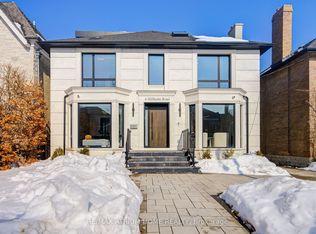 6 Hillholm Rd, Toronto, ON M5P1M2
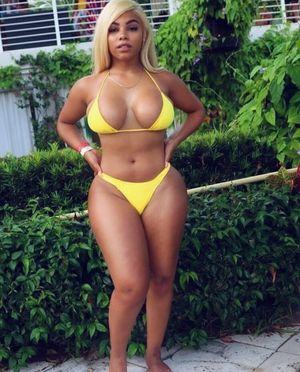 Nu-ski in a Yellow bikini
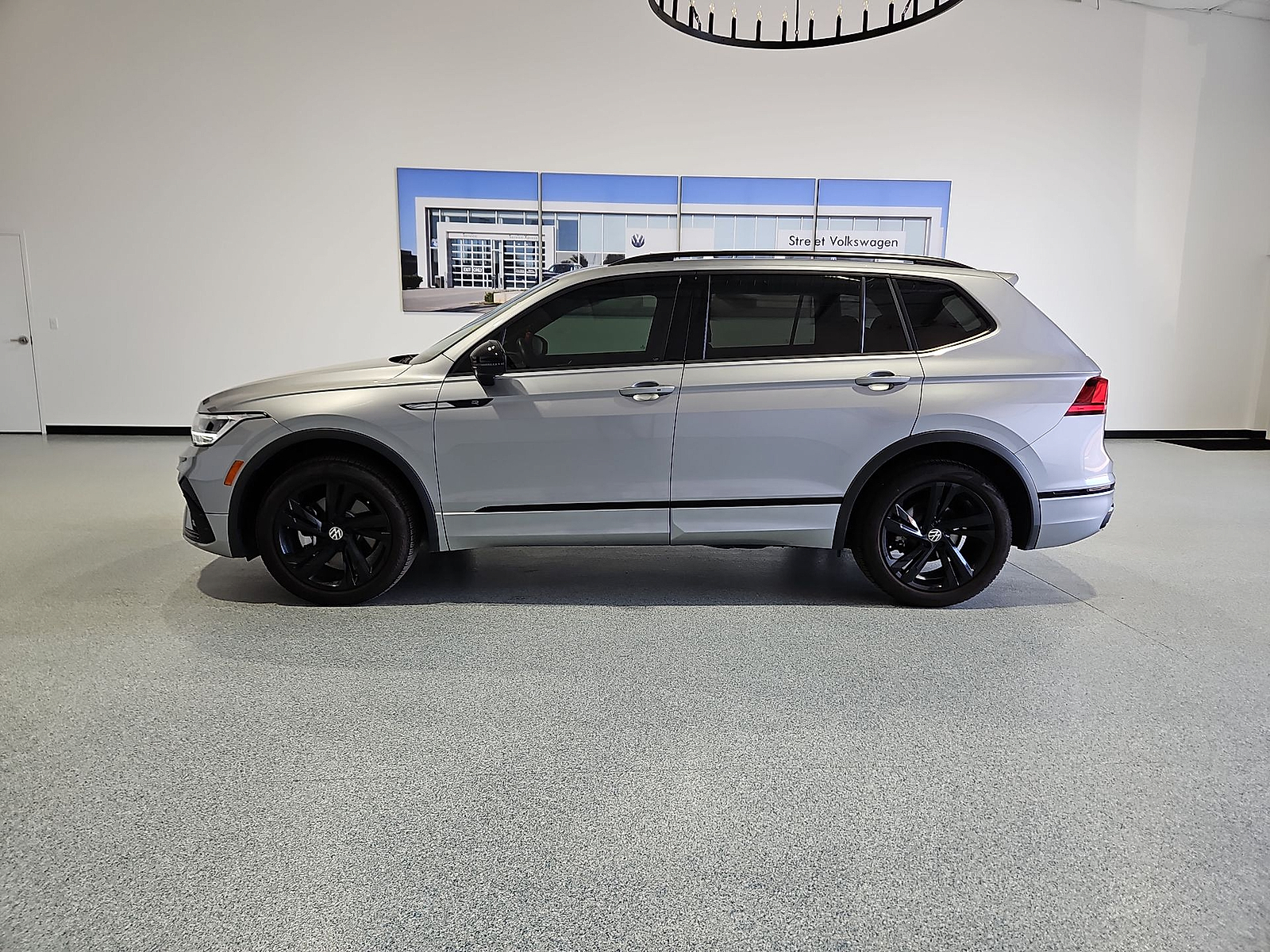 2024 Volkswagen Tiguan 2.0T SE R-Line Black Silver Metallic at Street VW of Amarillo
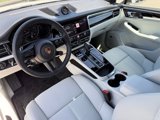 Used 2025 Porsche Macan Turbo image 4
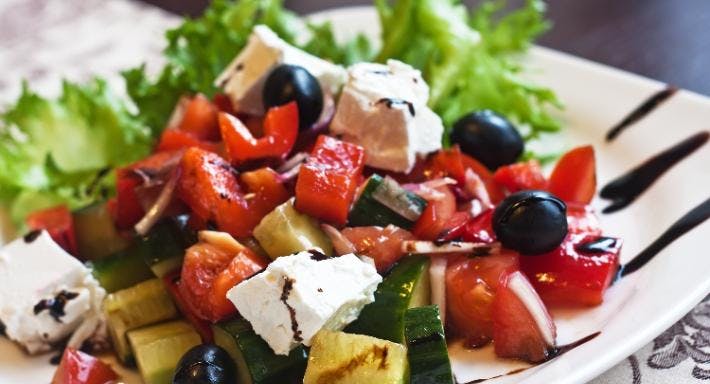 Restaurant Taverna Zorbas in Alppiharju, Helsinki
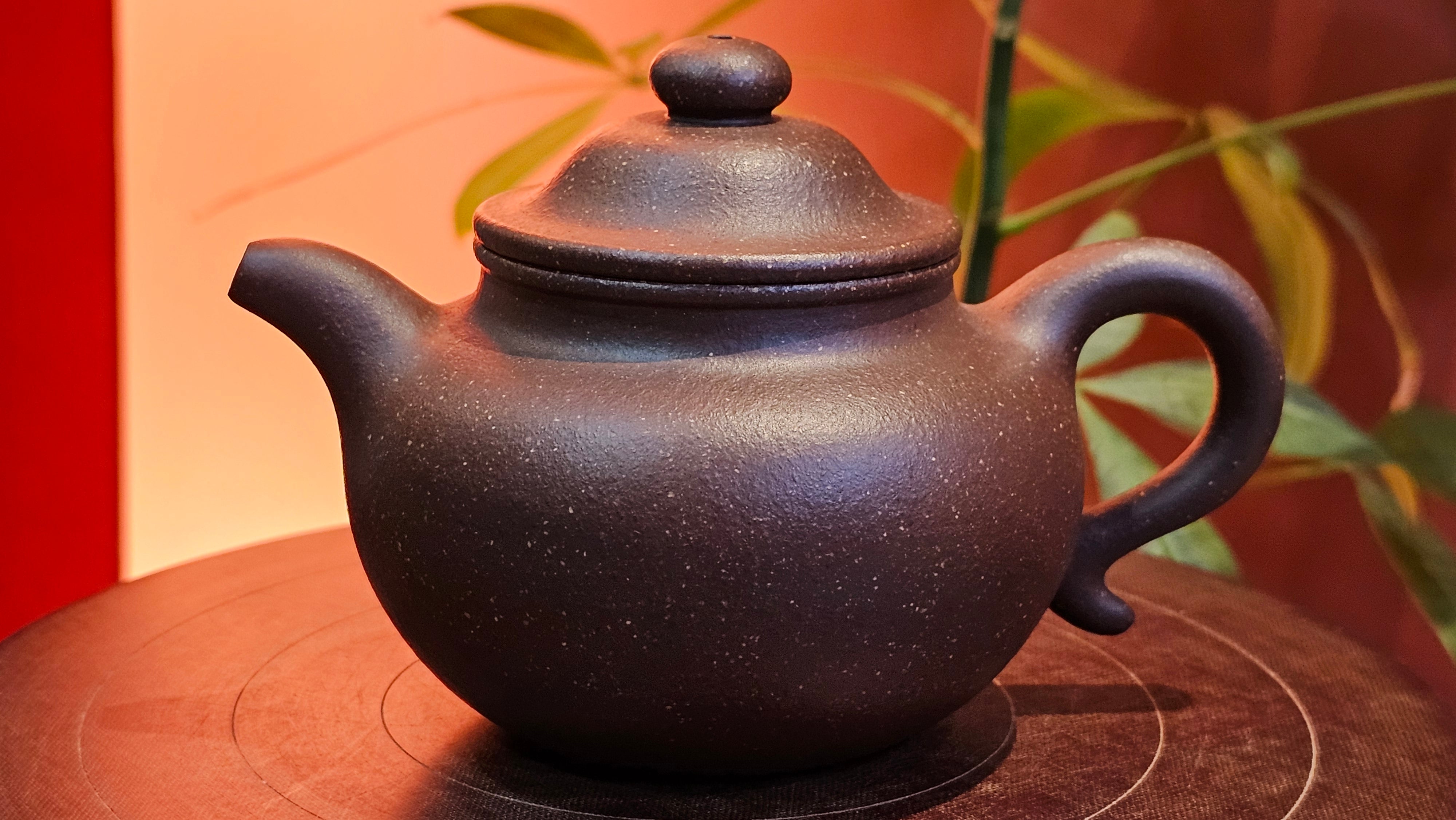 Lian Zi 莲子, 188.0ml, Lao Zi Ni 老紫泥 (Particular High Graininess, and Low Sieve Count), by Craftsman Chen Fa Chu 陈法初。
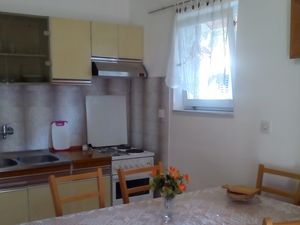 18321904-Ferienwohnung-6-Šibenik-300x225-5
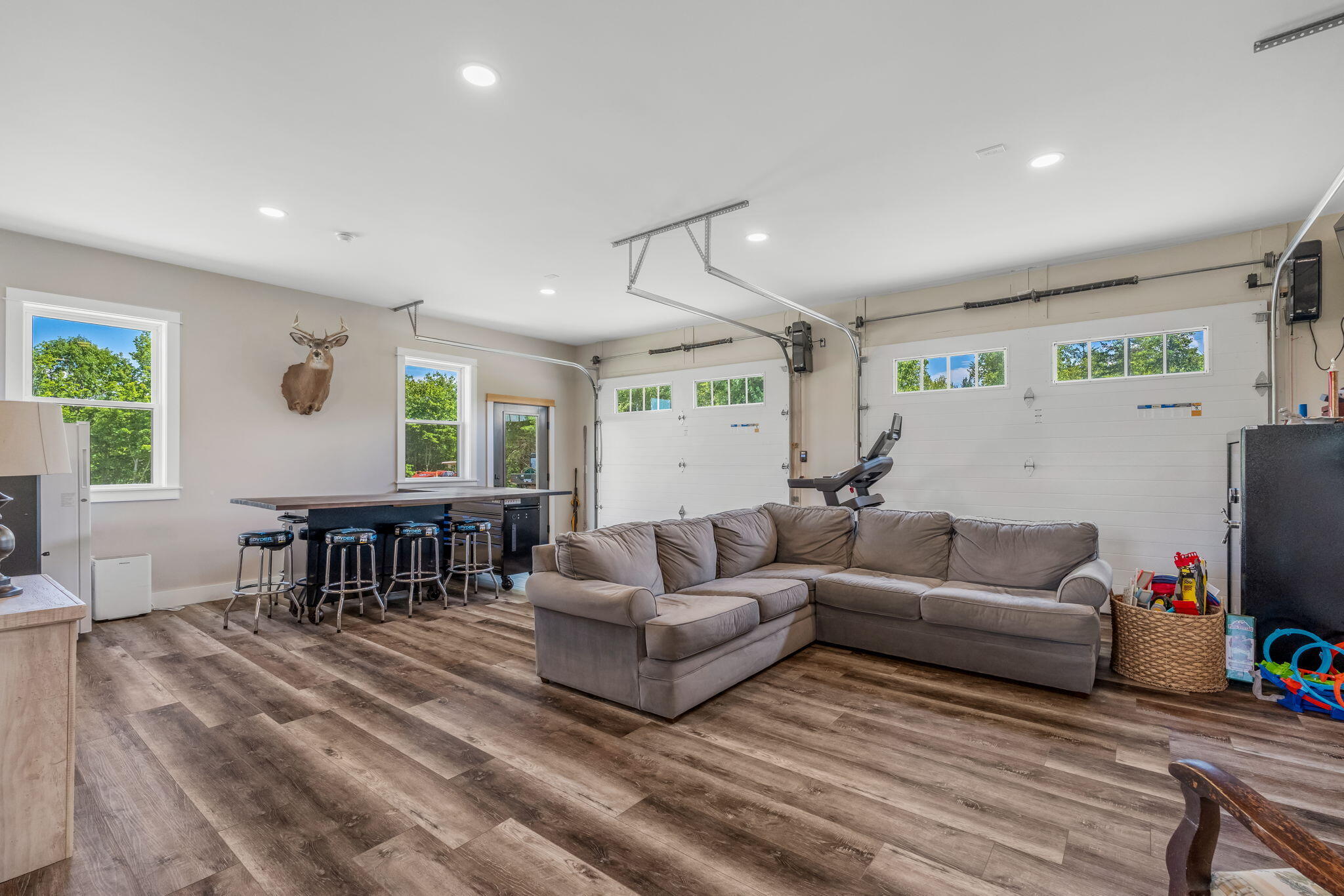 100 Easy Street Property Photo 36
_ _ _
- **Problem to work on**
Repeat the data verbatim, excluding all pictures.

- **Completed task**
 6 Hillholm Rd, Toronto, ON M5P1M2
 Nu-ski in a Yellow bikini
 2024 Volkswagen Tiguan 2.0T SE R-Line Black Silver Metallic at Street VW of Amarillo
 Used 2025 Porsche Macan Turbo image 4
 Restaurant Taverna Zorbas in Alppiharju, Helsinki
 Lian Zi 莲子, 188.0ml, Lao Zi Ni 老紫泥 (Particular High Graininess, and Low Sieve Count), by Craftsman Chen Fa Chu 陈法初。
 18321904-Ferienwohnung-6-Šibenik-300x225-5
 100 Easy Street Property Photo 36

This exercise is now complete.